Ленька стал оправдываться:
- Ну хорошо. Если бы мои братья не работали в посадочной мастерской, на что бы мы жили? Нам не на что было бы жить. А ты думаешь, это очень приятная работа? Как же! У них вся одежда пахнет кожей, и волосы, и руки, никаким мылом не отшибешь, ни одеколоном, ничем. А они молодые парни. А девчатам это не нравится.

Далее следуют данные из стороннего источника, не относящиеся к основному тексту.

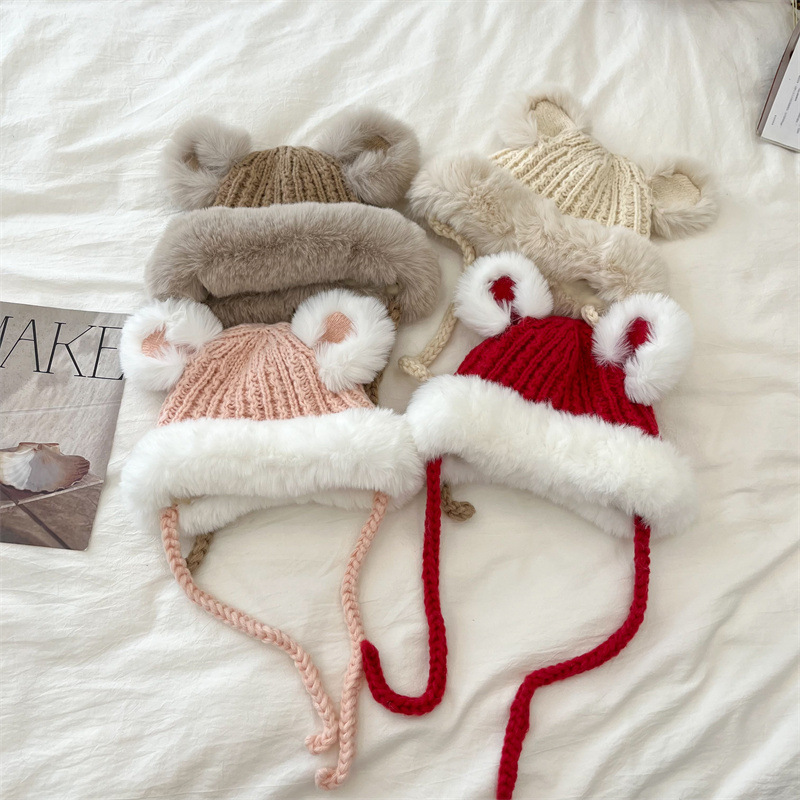 Unisex Children's hats Winter boys and girls ins plus cashmere knitted plush Lei Feng hat ear protection hat_voghion.com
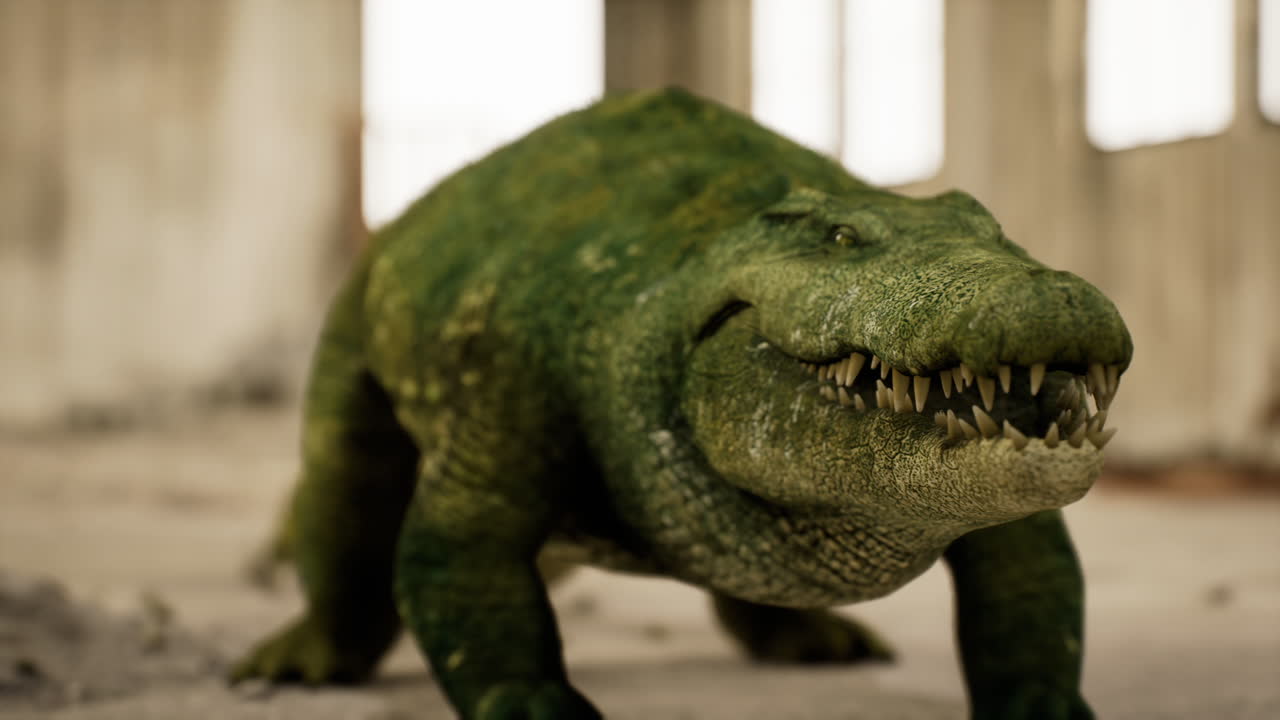 Crocodile in an abandoned building exploring its surroundings during daytime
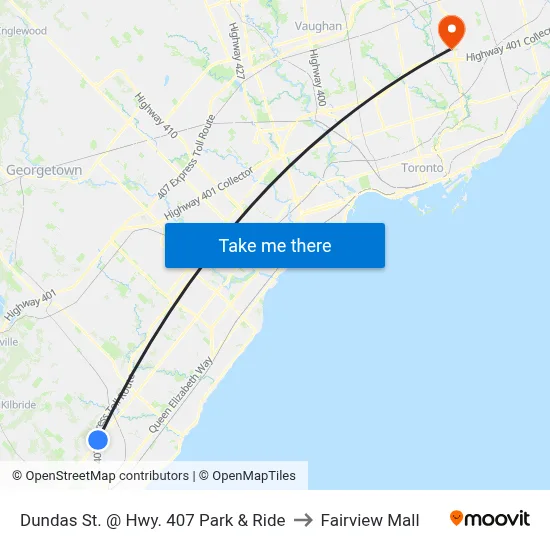 Dundas St. @ Hwy. 407 Park & Ride to Fairview Mall map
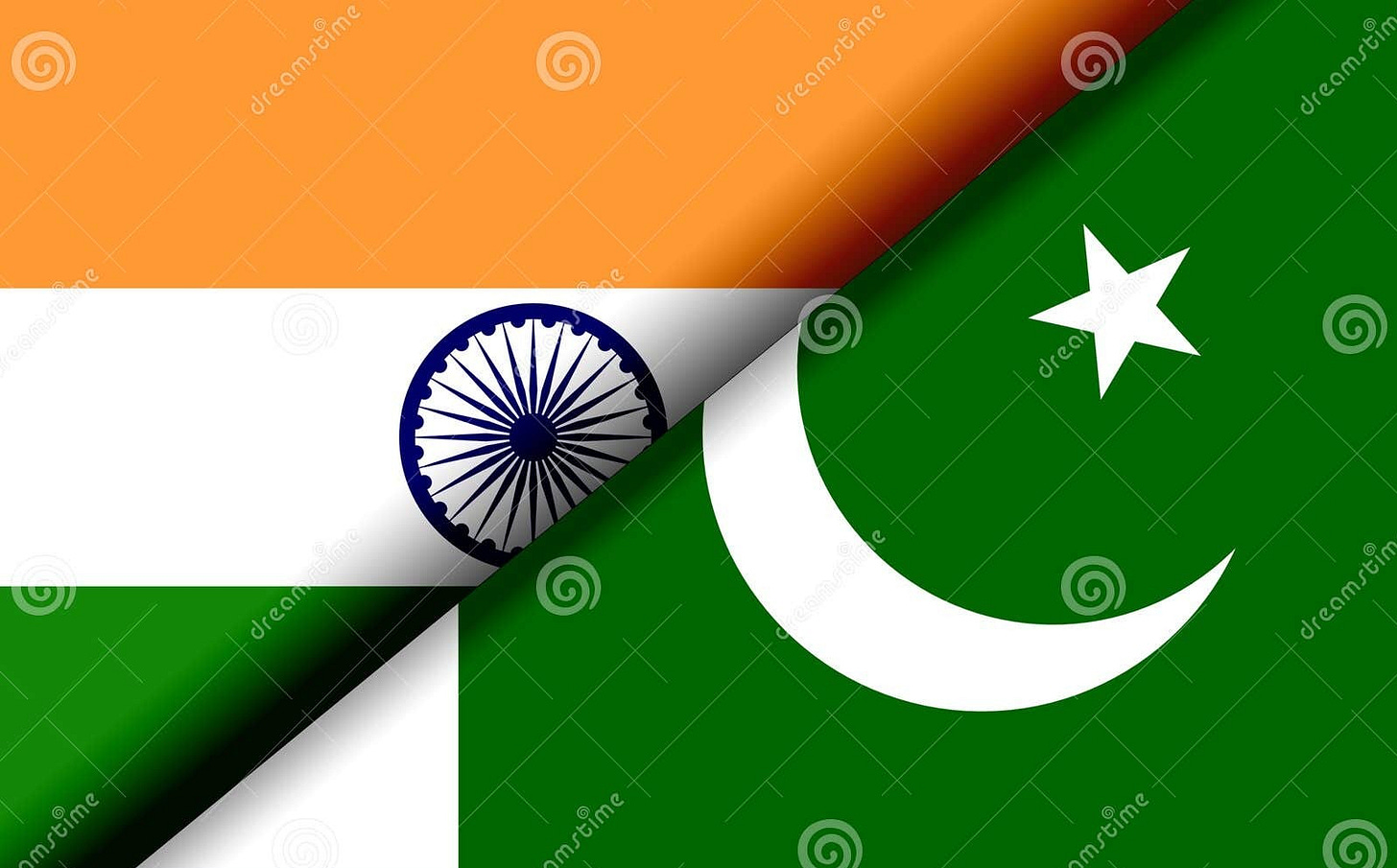 Flags of the India and Pakistan Divided Diagonally Stock Illustration ...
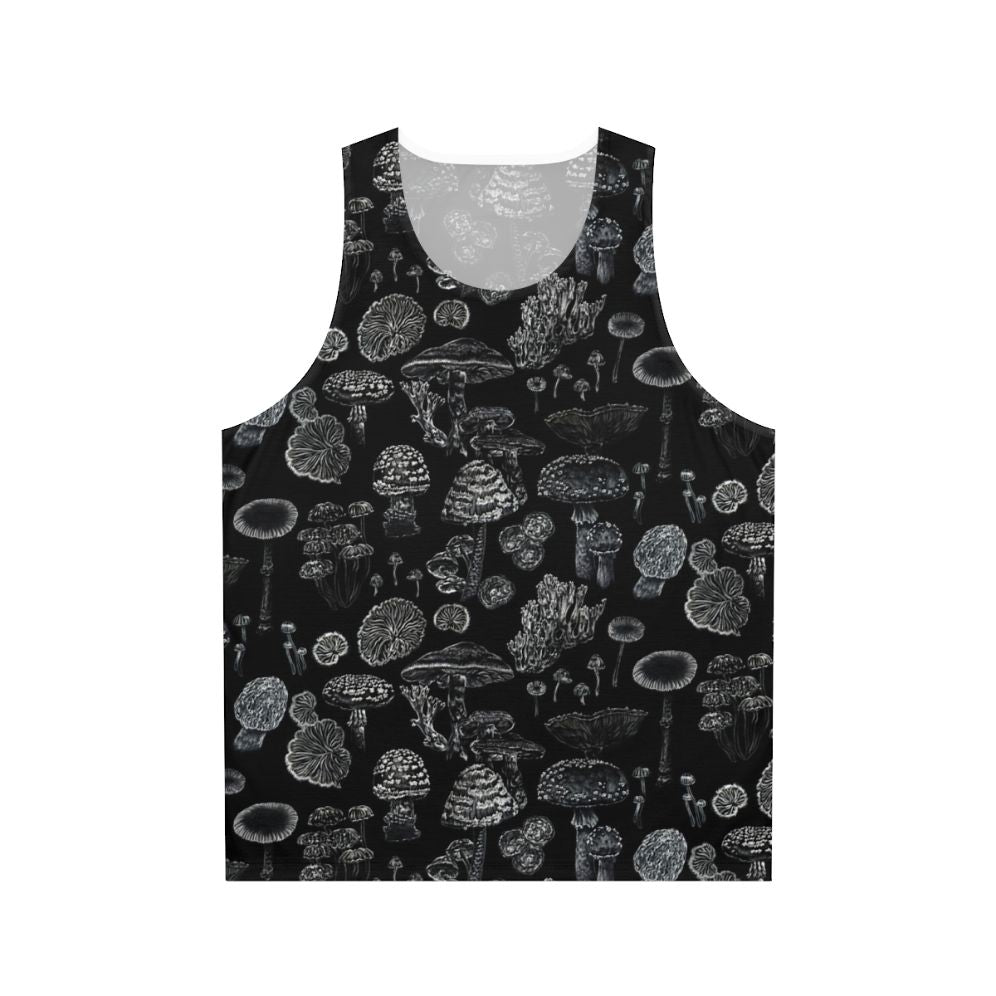 Unisex tank top featuring a mycological nature botanical design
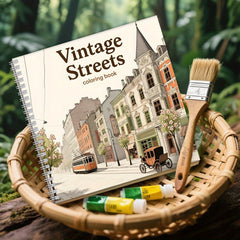 European Streets Coloring Book for Adults - Tram Scenes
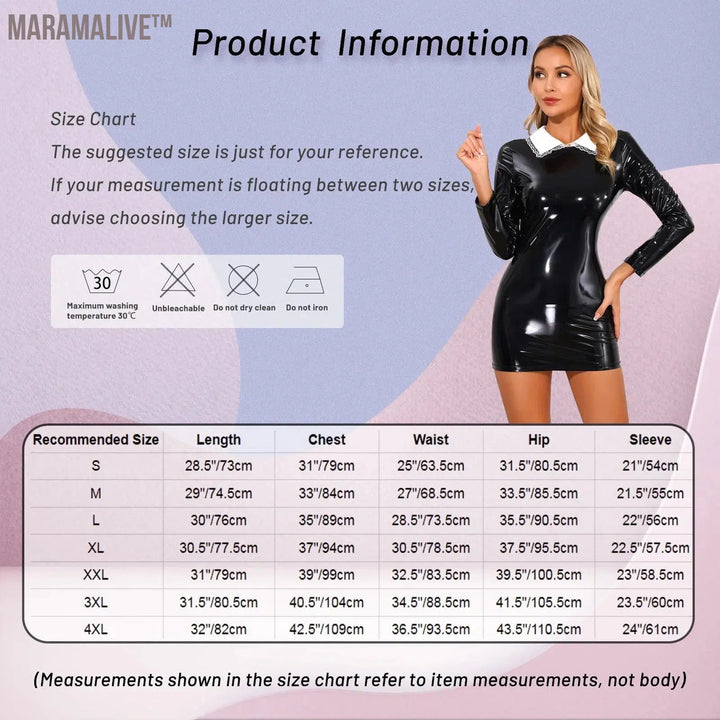 Womens Satin Collar Back Zipper Latex Bodycon Dress Glossy Patent Leather Mini Dress Gothic Dress Nun Maid Cosplay Clubwear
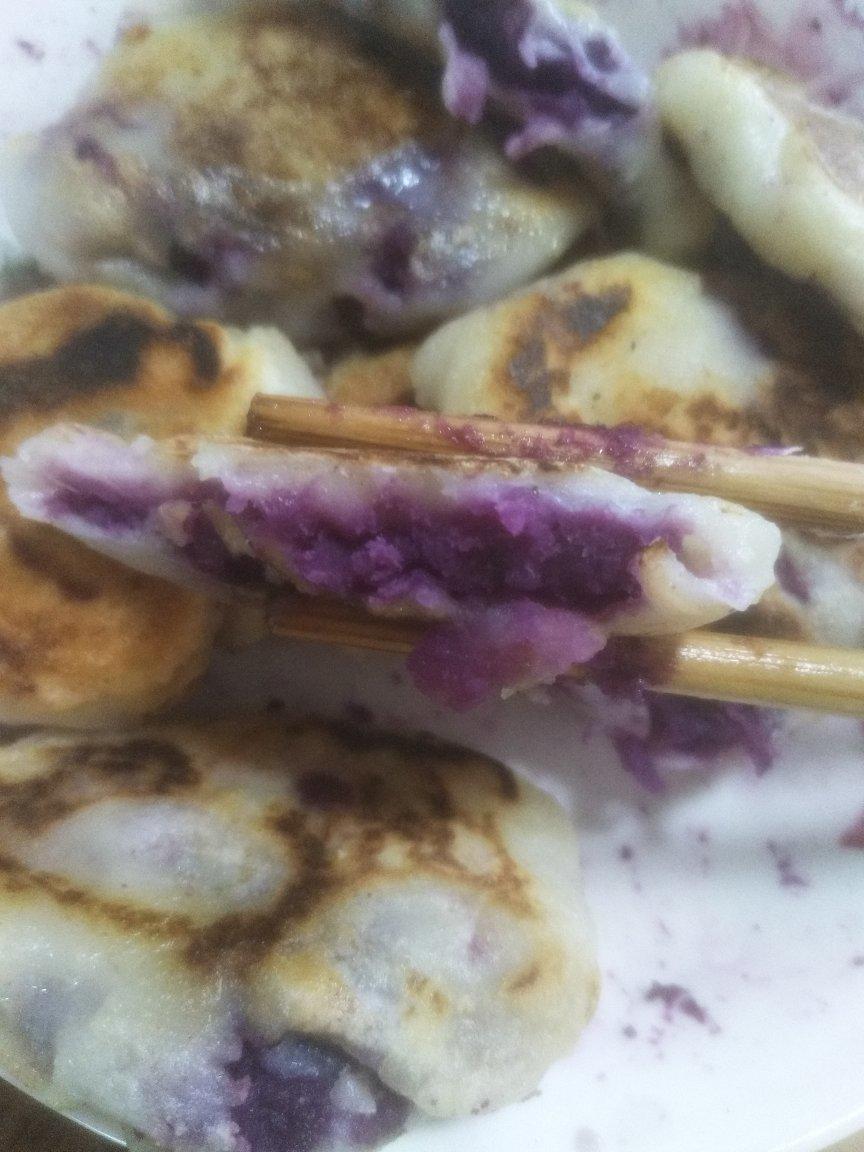 软糯香甜❗️平底锅奶香紫薯糯米饼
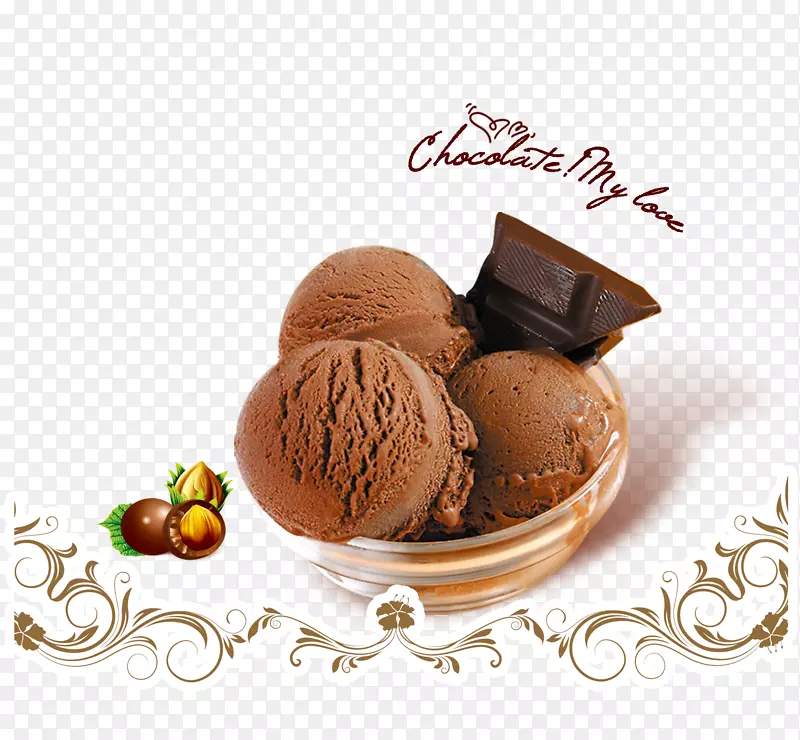 巧克力冰淇淋蛋糕巧克力球巧克力冰淇淋球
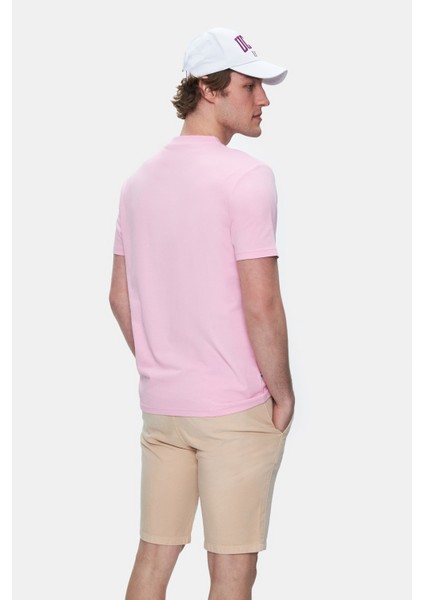Fabıo Açık Pembe Bisiklet Yaka Baskılı Standard Fit Erkek Tshirt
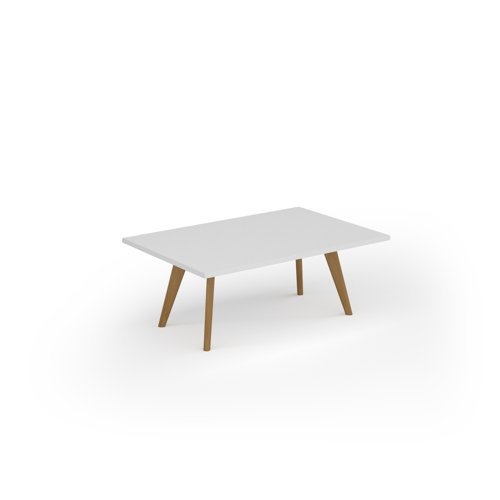 Unity coffee table 1200w x 800d with 4x solid oak legs top in white - UCR128-WH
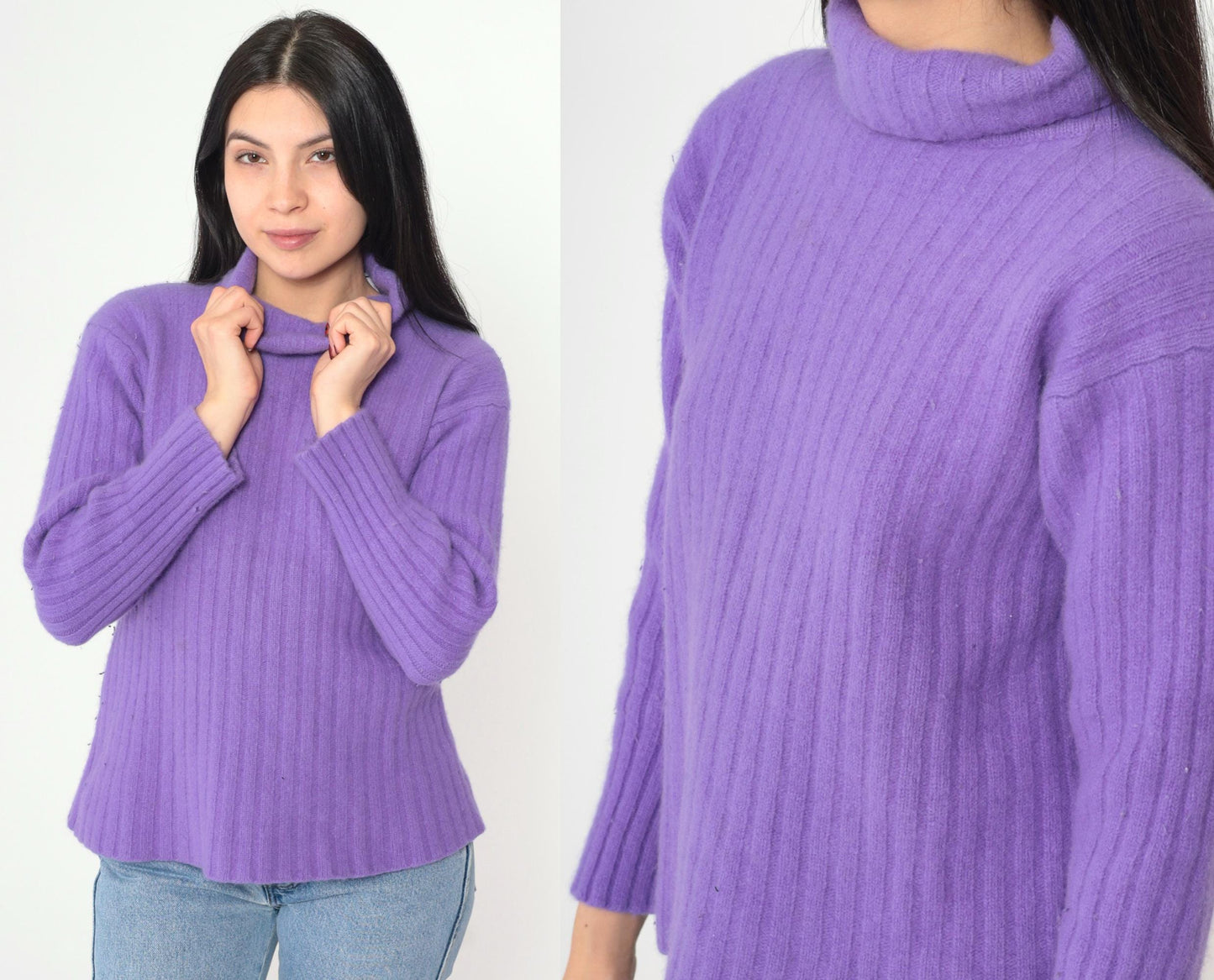 90s Valerie Stevens Lavender Angora Wool Turtleneck Sweater Medium M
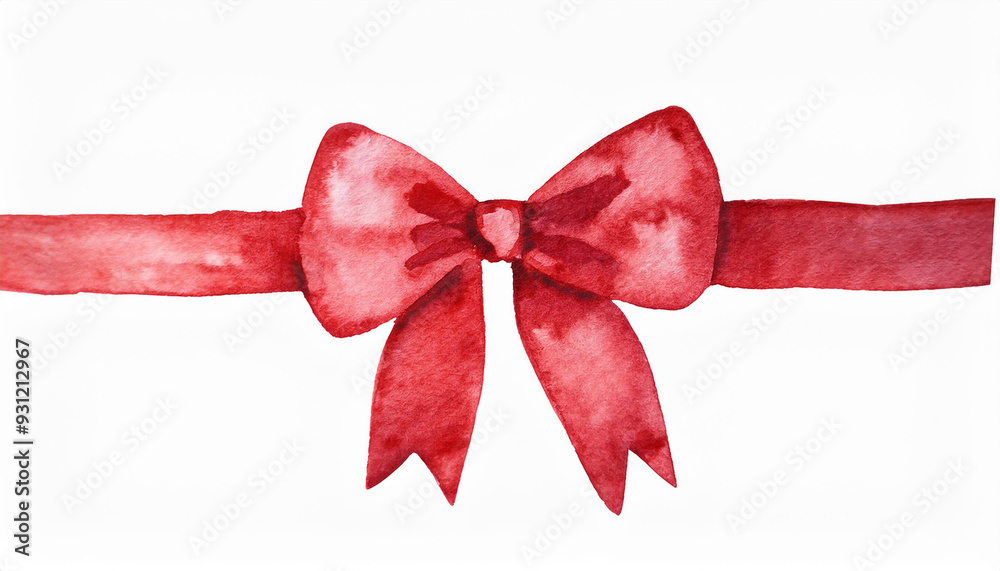 Watercolor painting of bright red bow isolated on clear white background. Hand drawn art. Watercolor painting of bright red bow isolated on clear white background. Hand drawn art.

Так, по-твоему, кто-то специально должен жить, чтобы работать на посадке?!
- Это частный случай! - возразил Семка Городницкий.
- Ну конечно! - сказала Зойка маленькая. - Частный и ничтожный.
Спирька Савчук сказал, что приятная работа или неприятная настоящего коммуниста это не должно интересовать. Это интеллигенция (Спирька произносил: интеллихэнция) выдумывает насчет приятности и неприятности. Кто не трудится, тот не ест. И все.
Желтые желваки ходили по Спирькиным скулам, желтый штопор чуба торчал из-под козырька кепки, папироса, свисающая с губы, придавала Спирьке утомленный, разочарованный вид. В свое время, после изгнания белых, он был вожаком группы ребят, потребовавших, чтобы интеллигентов не пускали в комсомол: у них пускай будет своя организация, говорили эти ребята, а комсомол - только для рабочих. К интеллигентам они причисляли всех учащихся, без различия классов. "Молодежная трудовая оппозиция" - так звала себя Спирькина группа - митинговала и шумела по всему городу, распаляя страсти, пока губком партии не положил конец этой заварушке. "Молодежной трудовой оппозиции" предложили прекратить раскольничью деятельность, и Спирька, лишившись трибуны, заскучал и закапризничал. Между приступами малярии - его трепала малярия - он то эпатировал нэпманов на улице, то закатывался с неподходящими ребятами в пивнушку, то вдруг окружал большую Зою тяжелым, настойчивым, каким-то неприязненным вниманием…
- Если ты не паразит, - закончил Спирька, - работай, что тебе советская власть велела, и все. На то существуешь.
- Несколько примитивно, - сказал Семка, - но тем не менее соответствует истине.
Зойка маленькая спросила:
- Если цель жизни не в том, чтобы приносить пользу людям, то в чем же?..
- Смотря каким людям, - сказал Спирька Савчук.